El film se vale del viaje para mostrar por un lado la relación conflictiva entre padre e hijo, y por el otro, las necesidades manifiestas y latentes que subyacen en cada uno de ellos. Así es como para el padre, huir de Moscú, implica la posibilidad de dejar atrás todo lo vivido en pos de la reconstrucción de su resquebrajada vida, mientras que para el niño, representa la búsqueda de libertad y emancipación, quizás como consecuencia de una toma de conciencia precoz, producida por la pérdida temprana de su madre.

Las actuaciones son memorables todas, aunque la del niño (Gleb Pluskepalis) es la que más conmueve y enternece al espectador. Ante la ausencia de diálogos (una constante a lo largo de la historia) este joven actor logra demostrar con miradas, gestos y con algunas otras expresiones, el mosaico de sensaciones que pasan por la cabeza de un niño que acaba de perder a su madre y que se encuentra a la deriva, igual que los planeadores y albatros que tanto le llaman la atención.

En cuanto a lo técnico, más allá de la variedad de ángulos, planos, travellings y un interesante uso de la cámara subjetiva, uno de los grandes aciertos del film es la fotografía (a cargo de Shandor Berkeshi). Con un tratamiento del color y la luz sólo comparable al de algunos maestros de la pintura, logra darle a cada escena, la poética y el lirismo que el guión requiere. Otro punto digno de mencionar también, es la acertada elección de escenarios naturales (pertenecientes a tres regiones rurales de Rusia y dos de Ucrania) los cuales captados a través de las vistas panorámicas y planos picados, logran dar el marco perfecto para reflejar la terrible soledad a la que están sometidos los personajes.

La música, compuesta íntegramente por Chick Corea, comparte cartel de importancia con dos canciones que lejos de parecerse siquiera a sus composiciones, ayudan a contextualizar la historia, dentro de un marco histórico y sentimental. Una de ellas es la canción italiana de la década del setenta que suena en la radio del camionero que lleva al niño hasta Crimea (símbolo de la apertura cultural que sufriera Rusia en los últimos años luego de la Perestroika) y la otra es la que canta un hombre acompañado por su guitarra, en el bar de Koktebel, (donde el niño toma un desayuno luego de varios días sin comer) que en sus estrofas reza “Mis caminos, mis queridos caminos, mis piernas me llevaron, los dioses me ayudaron”(Verdadero corifeo, si se tiene en cuenta el contexto de la escena).

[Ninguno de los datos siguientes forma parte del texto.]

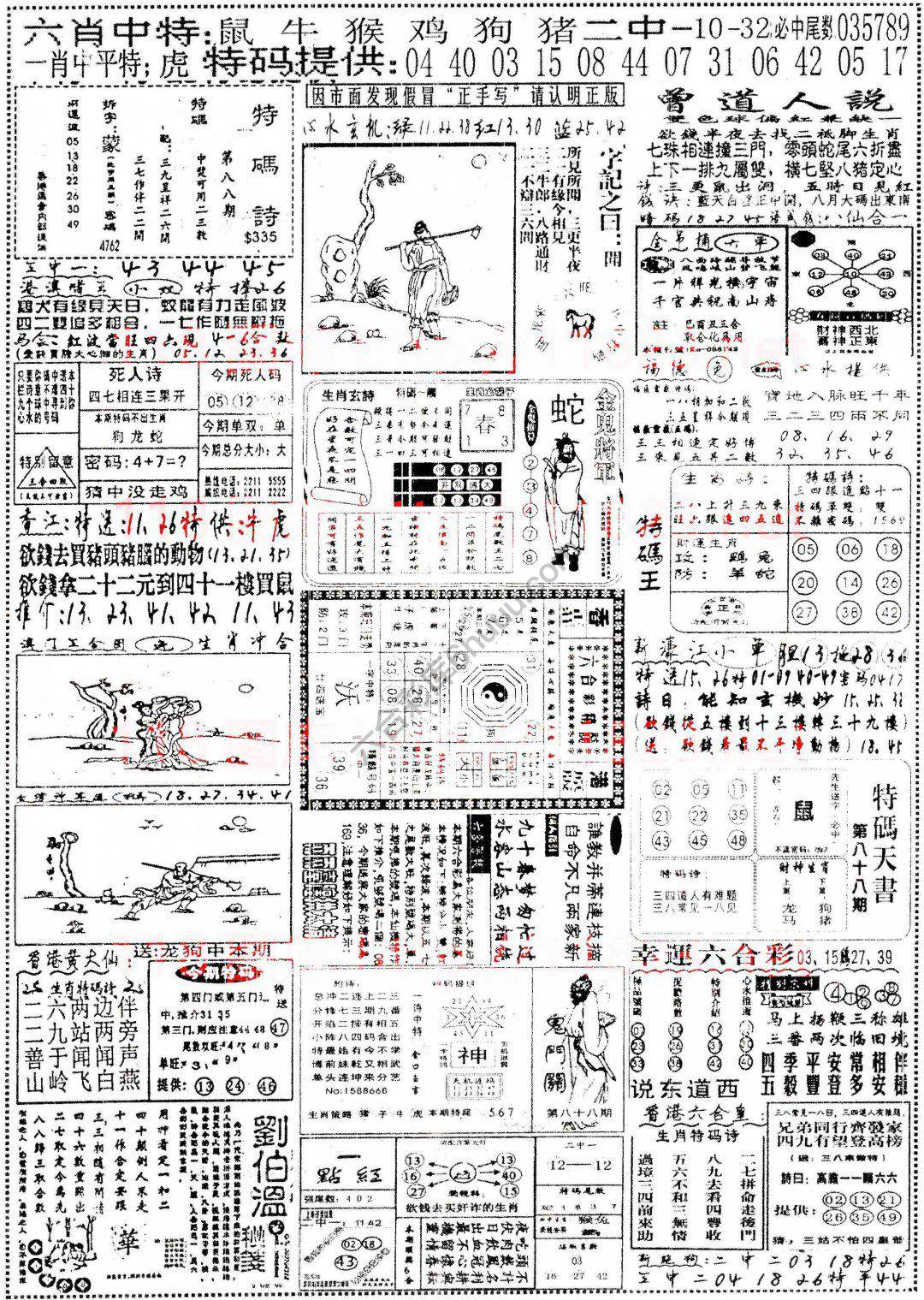 正手写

Con éste primer largometraje, Boris Khlebnikov y Alexei Popogrebsky logran entrar en el mundo del séptimo arte por la puerta grande. A través de los 105 minutos que dura la historia, demuestran haber alcanzado un gran dominio del lenguaje cinematográfico así como una importante capacidad para contar historias, cargadas de psicologismo y emotividad. Algo totalmente natural si tenemos en cuenta que provienen de Rusia, la cuna de oro del arte dramático.

KOKTEBEL. (Rusia, 2003. Presentada por Servicio de Cinematografía del RF Ministerio de Cultura y Roman Borisevich.). Dirección: Boris Khlebnikov y Alexei Popogrebsky. Elenco: Igor Chernievich, Gleb Puskepalis, Evgenii Sytyi y Agripina Steklova.